| BRIEF |
The answer must be only the lines below from the one holding "You can enable" down to the one holding "It says whole", ends included, printed exactly; please omit all pictures.

| GIVEN INFORMATION |
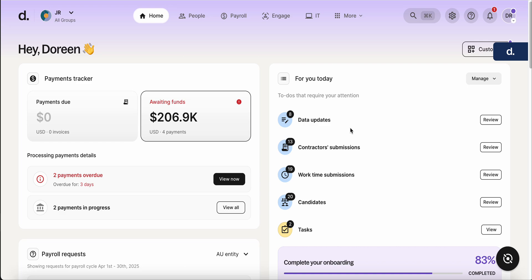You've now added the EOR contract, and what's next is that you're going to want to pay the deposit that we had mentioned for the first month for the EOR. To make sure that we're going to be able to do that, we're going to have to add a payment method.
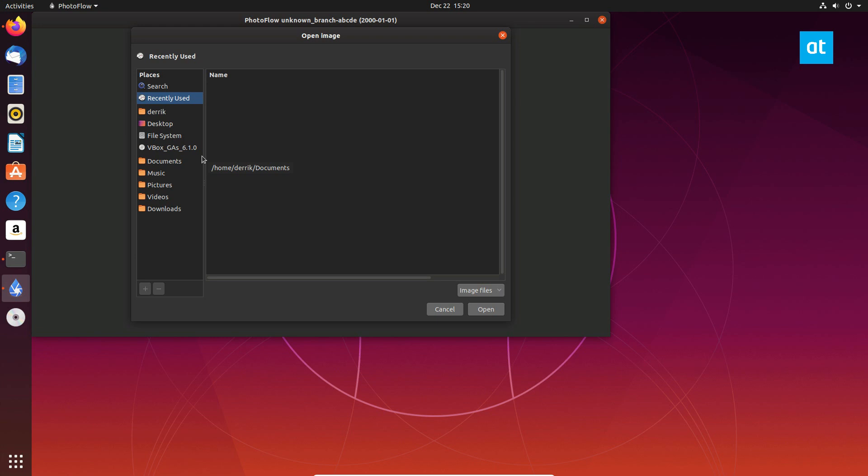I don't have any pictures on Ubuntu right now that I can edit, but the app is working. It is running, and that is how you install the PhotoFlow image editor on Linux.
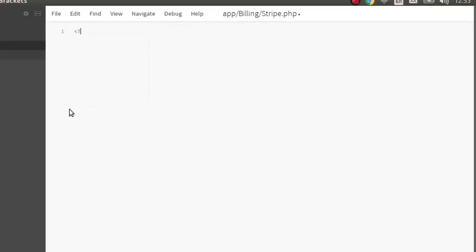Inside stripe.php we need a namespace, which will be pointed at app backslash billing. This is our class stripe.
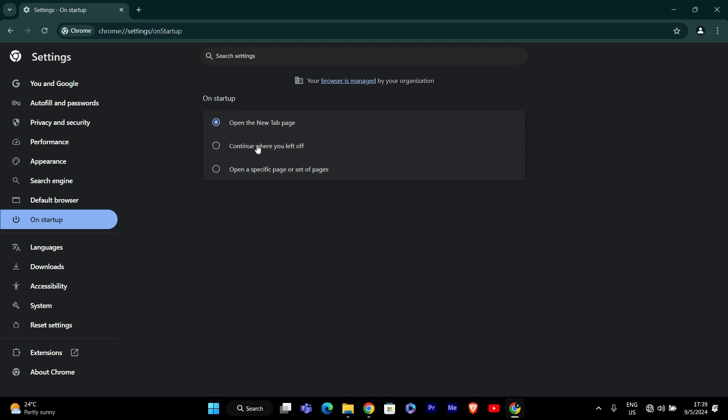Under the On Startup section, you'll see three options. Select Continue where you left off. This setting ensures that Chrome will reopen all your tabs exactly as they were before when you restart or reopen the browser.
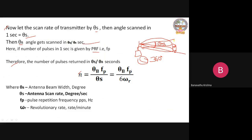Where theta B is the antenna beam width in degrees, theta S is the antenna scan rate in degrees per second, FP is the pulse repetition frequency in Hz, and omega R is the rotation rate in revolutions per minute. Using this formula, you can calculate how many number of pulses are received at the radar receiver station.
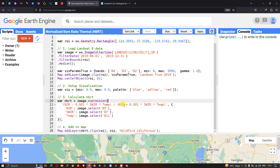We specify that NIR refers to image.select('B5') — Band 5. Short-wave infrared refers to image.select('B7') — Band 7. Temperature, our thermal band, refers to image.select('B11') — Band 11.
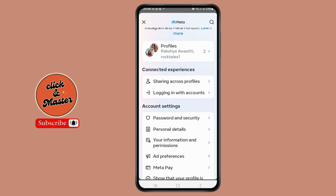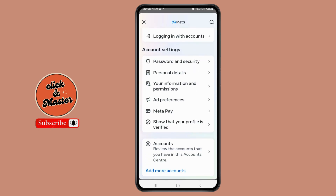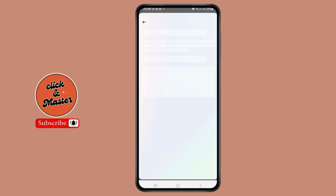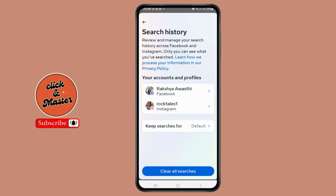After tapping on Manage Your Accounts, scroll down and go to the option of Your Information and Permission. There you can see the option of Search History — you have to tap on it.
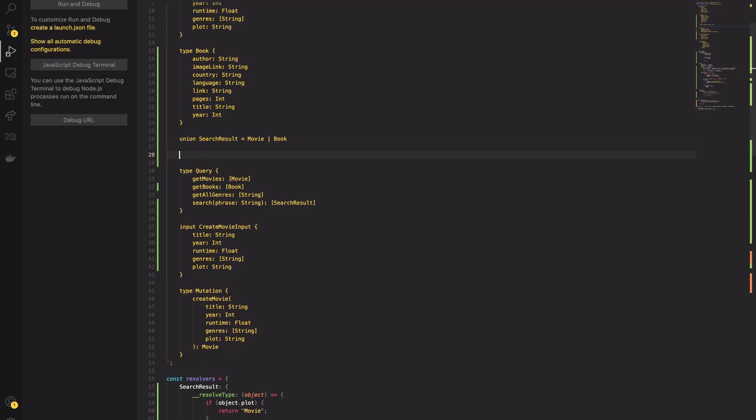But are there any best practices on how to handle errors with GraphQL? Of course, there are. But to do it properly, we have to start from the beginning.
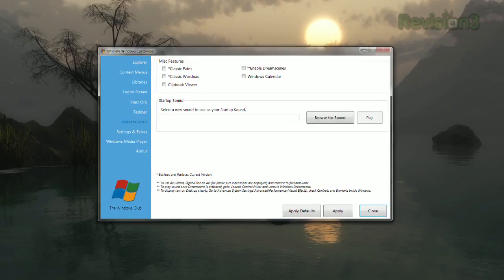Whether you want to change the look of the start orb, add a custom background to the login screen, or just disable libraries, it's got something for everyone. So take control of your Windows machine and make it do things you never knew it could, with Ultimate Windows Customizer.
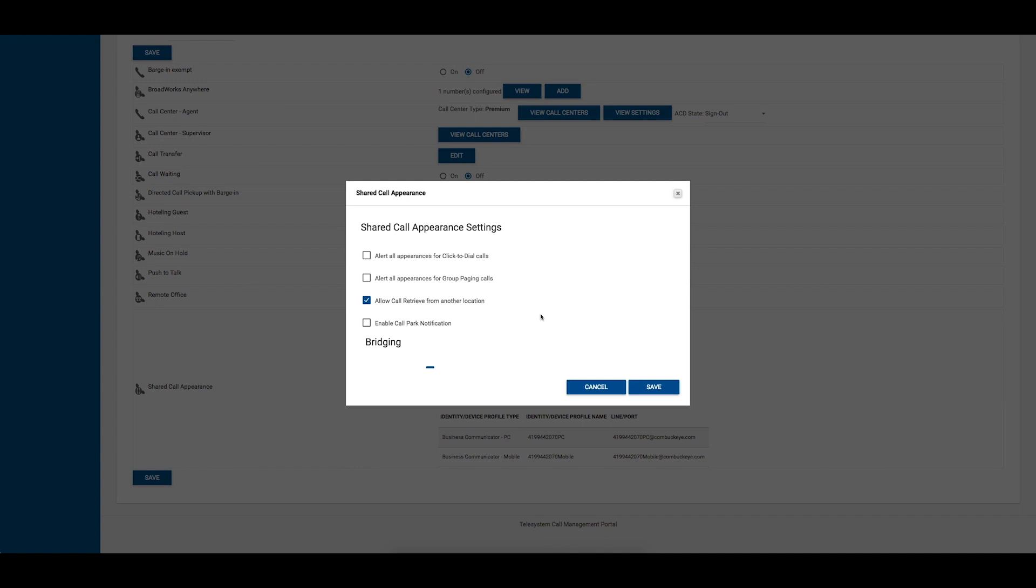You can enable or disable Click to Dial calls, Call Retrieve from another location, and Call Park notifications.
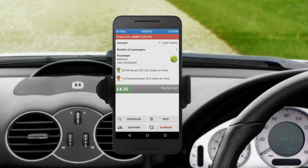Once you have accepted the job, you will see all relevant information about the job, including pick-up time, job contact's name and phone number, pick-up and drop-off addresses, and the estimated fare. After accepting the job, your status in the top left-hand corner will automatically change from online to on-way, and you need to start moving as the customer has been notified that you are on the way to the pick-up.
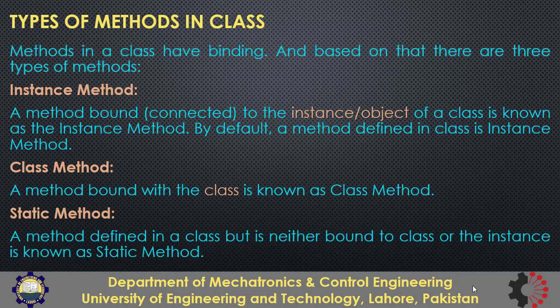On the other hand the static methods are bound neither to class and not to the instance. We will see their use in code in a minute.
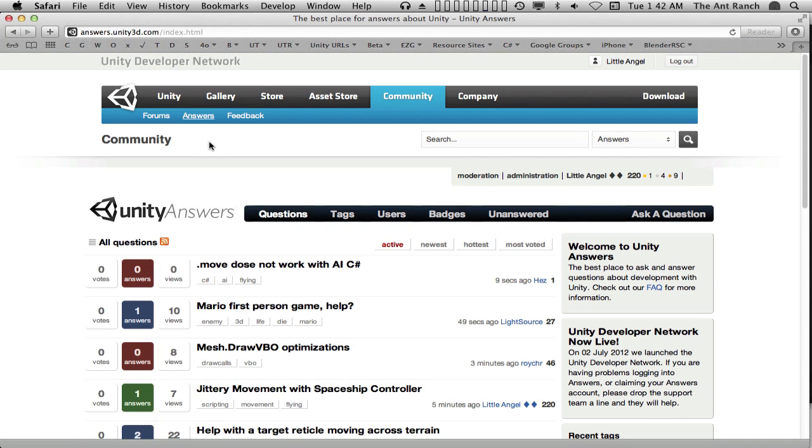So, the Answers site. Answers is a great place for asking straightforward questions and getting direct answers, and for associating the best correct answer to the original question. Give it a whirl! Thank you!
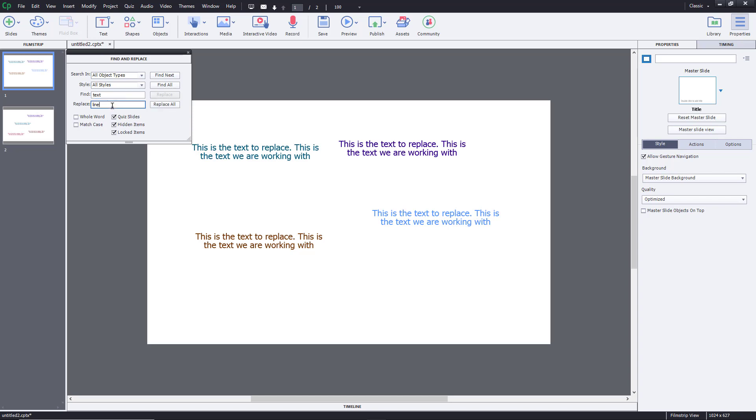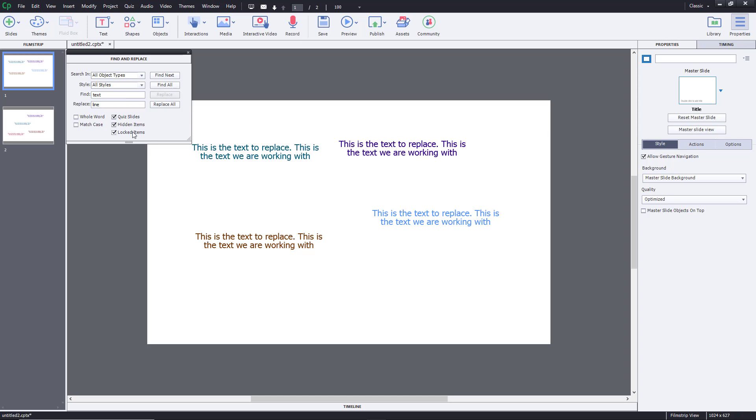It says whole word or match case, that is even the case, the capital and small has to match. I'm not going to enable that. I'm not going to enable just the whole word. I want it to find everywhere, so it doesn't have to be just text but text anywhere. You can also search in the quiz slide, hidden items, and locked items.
--
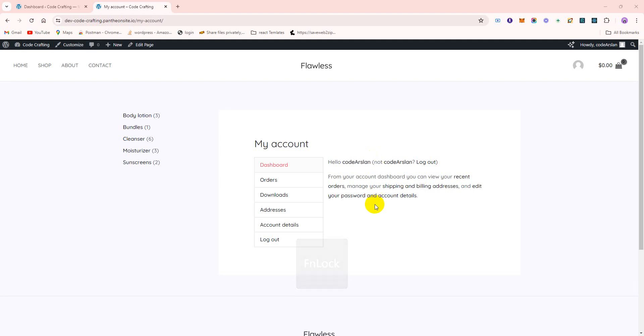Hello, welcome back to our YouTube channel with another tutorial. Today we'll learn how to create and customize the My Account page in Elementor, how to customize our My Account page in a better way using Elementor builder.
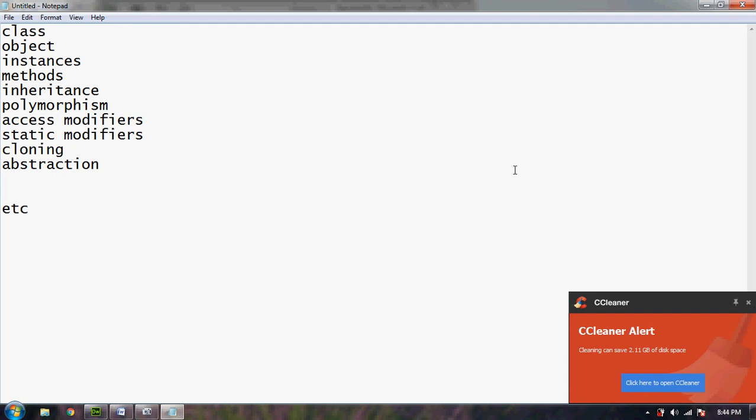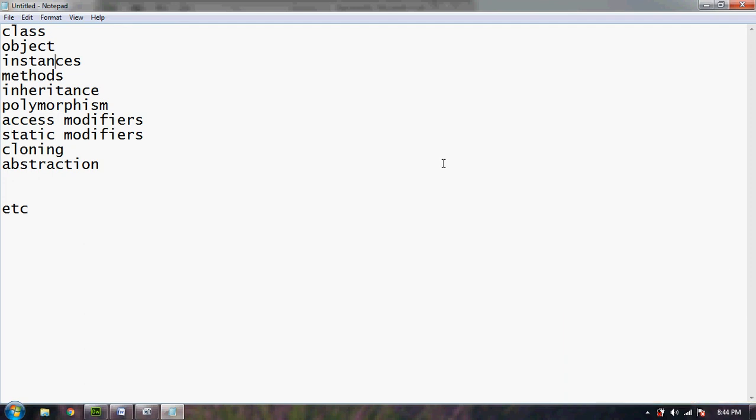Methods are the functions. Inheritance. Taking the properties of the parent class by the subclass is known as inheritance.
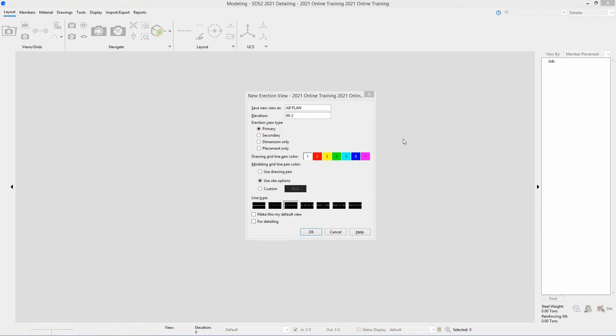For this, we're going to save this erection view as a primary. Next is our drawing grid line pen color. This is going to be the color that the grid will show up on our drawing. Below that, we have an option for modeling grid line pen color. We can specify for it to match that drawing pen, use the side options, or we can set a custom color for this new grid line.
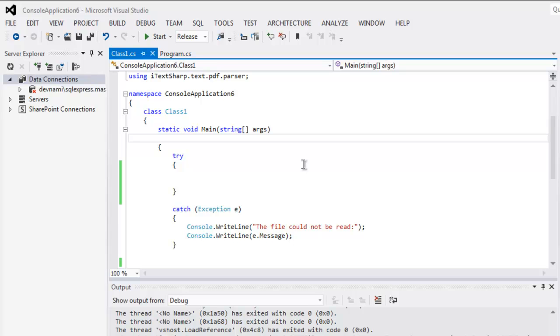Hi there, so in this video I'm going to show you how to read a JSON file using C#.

| PROBLEM SOLUTION |
You can enable or disable Click to Dial calls, Call Retrieve from another location, and Call Park notifications.
Once you have accepted the job, you will see all relevant information about the job, including pick-up time, job contact's name and phone number, pick-up and drop-off addresses, and the estimated fare. After accepting the job, your status in the top left-hand corner will automatically change from online to on-way, and you need to start moving as the customer has been notified that you are on the way to the pick-up.
On the other hand the static methods are bound neither to class and not to the instance. We will see their use in code in a minute.
So, the Answers site. Answers is a great place for asking straightforward questions and getting direct answers, and for associating the best correct answer to the original question. Give it a whirl! Thank you!
It says whole word or match case, that is even the case, the capital and small has to match. I'm not going to enable that. I'm not going to enable just the whole word. I want it to find everywhere, so it doesn't have to be just text but text anywhere. You can also search in the quiz slide, hidden items, and locked items.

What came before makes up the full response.